Zum Ende ihrer einzigartigen Karriere führte auch Kiriasis die Frauen-Zweierflotte im Sanki Sliding Center nicht zur ersten Medaille von Sotschi. „Das macht alles keinen Spaß mehr. Mit diesem Schlitten kann man einfach keinen Blumentopf gewinnen“, klagte die Grand Dame des Eiskanals.

Als Fünfte blieb Kiriasis niederschmetternde 1,68 Sekunden hinter Olympiasiegerin Kaillie Humphries aus Kanada. Im letzten Lauf patzte die lange führende Amerikanerin Elana Meyers und holte vor ihrer Mannschaftskollegin Jamie Greubel nur Silber. Die frühere Weltmeisterin Cathleen Martini enttäuschte als Siebte, Anja Schneiderheinze landete abgeschlagen auf Rang zehn.

Schon die Zweierpiloten um Weltmeister Francesco Friedrich verfehlten die Top-Plätze mit ernüchterndem Rückstand, damit könnten die Deutschen erstmals seit 1964 in Innsbruck ohne olympische Medaillen bleiben. Nur Edelmetall im Vierer zum Abschluss am Wochenende würde das historische Debakel verhindern. Coach Christoph Langen will in jedem Fall im Amt bleiben. „Ich nehme die Herausforderung an und freue mich auf die nächsten Jahre, wenn ich noch Cheftrainer bleiben darf“, sagte Langen.

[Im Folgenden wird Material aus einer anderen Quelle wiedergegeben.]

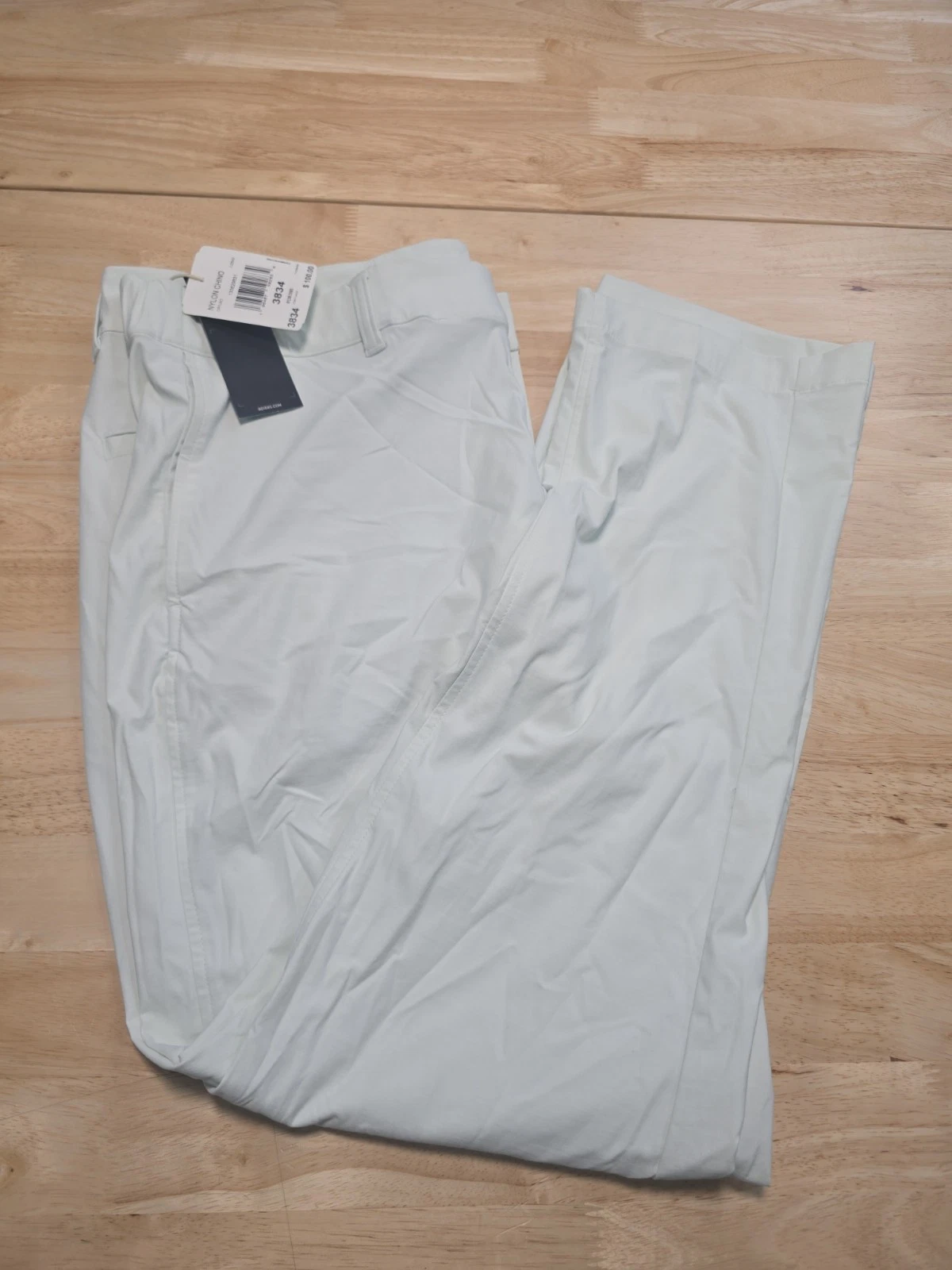 Adidas Chino Pants Mens Size 38 x 34 Nylon Straight Leg Stretch Green IU2843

Da hatte Kiriasis schon hemmungslos vor laufender TV-Kamera geweint. „Das sind Emotionen, die müssen jetzt raus“, sagte sie im ZDF. „Es weiß jeder, was wir für Probleme mit dem Schlitten hatten. Ob jetzt Vierte oder Fünfte, das ist jetzt auch... Das ist jetzt irgendwie schade.“

Zu schwach am Start, verfahren im Eislabyrinth und kein Topspeed mit ihrem Schlitten „Iwanuschka“: Auch Kiriasis hatte wie ihre männlichen Kollegen vor allem mit dem schwächelnden Material zu kämpfen. Im abschließenden Lauf fiel die 39-Jährige wieder um einen Rang zurück und hob ratlos die Arme. Mit enttäuschter Miene ließ sie sich lange und innig von ihrer Anschieberin Franziska Fritz umarmen. Cheftrainer Langen schimpfte wie wild. Später meinte er: „Ich sehe in so einer Niederlage immer was Positives.“

Zumindest am zweiten Tag stieg Martini mit Anschieberin Christin Senkel zufrieden aus dem Bob, streckte nach dem vierten Lauf den Daumen nach oben. Allerdings hatte die 31-Jährige bereits im zweiten Durchgang mit groben Patzern die Chance auf ihre ersehnte erste Medaille bei Winterspielen verspielt. „Heute ist der Druck etwas weg gewesen, da fiel es uns natürlich etwas einfacher“, erklärte sie. „Wie sagt man so schön, hinten kackt die Ente.“

Über eine mögliche Fortsetzung ihrer Karriere will Martini erst mit etwas Abstand entscheiden. Die Heim-WM 2015 in Winterberg könnte nochmal ein Ziel sein. „Da würde sich der Kreis schließen, 2003 in Winterberg begann alles“, sagte sie.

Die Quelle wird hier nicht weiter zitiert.